I looked away, sheepish. "I... Cured him."
Her breathing had gotten maybe a little heavy. "What did that do to him?"
I shrugged. "Not sure. I squished him after that. Not much left of him. Maybe some ashes or shit."
I swear my Kitten's eyes crossed after that. "Oh, that you could have visited such a fate upon the architect of the plague rather than the Primordial opportunist."
"Uh..."
Her breathing was way more than a little bit heavy at that point. "Do tell. Please, love?" I nodded toward the chair, where she'd hung my new cane on one of the rungs by its handle. Her eyes got really big. "Really?"

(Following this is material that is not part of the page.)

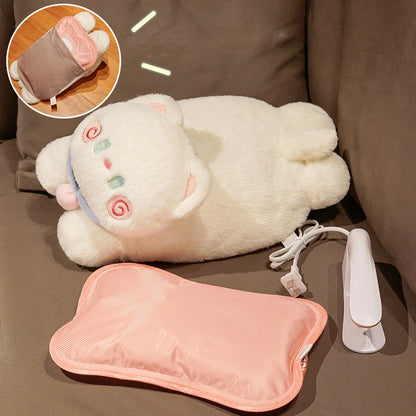 Bouillotte Peluche Chat Mignon | Micro-onde & Électrique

"Yeah. I left him with Conrad and instructions to Cure and Heal anybody I missed. He dove for M-Space the first chance he got." She nodded, eyes wide. "Conrad tells me Mimic didn't leave much of him; pretty much just enough to make that."
She laced her fingers through mine, her other hand doing the same with the back of my hand. "My beloved Goof, I insist you tell me if anything I do hurts you in the slightest, for I would not have your traditional Hero's reward marred by the slightest harm to you."
"Hero? Pfft. I'm no Hero. Just a Goofball with a hammer. Just the Imperator's Attack Dog."
Her brows lowered, and her voice got really husky as she pulled my hand into the suspiciously humid space under the covers. "We have today off. Did you want to sleep more?"
I sighed and looked at the window, where the tiniest bits of light made it through the curtains. "Yeah, kinda."
"Remember how I put you to sleep last night?"
My gaze snapped back to hers, only to find her eyes closed, her teeth dragging across her bottom lip. "Not about to fuckin' forget that any time soon."
She opened her eyes, and her demure, downturned gaze did not in any way match what her hands were making mine do. "Oh, it is my hope and intent that by the time you're fully healed they will all blur into an utterly enjoyable convalescence, my love."
"Uh..."
She looked up at me through her lashes, The Grin in full effect as she proved herself fully capable of mashing more than one endorphin button at a time. "It's time to go to sleep now."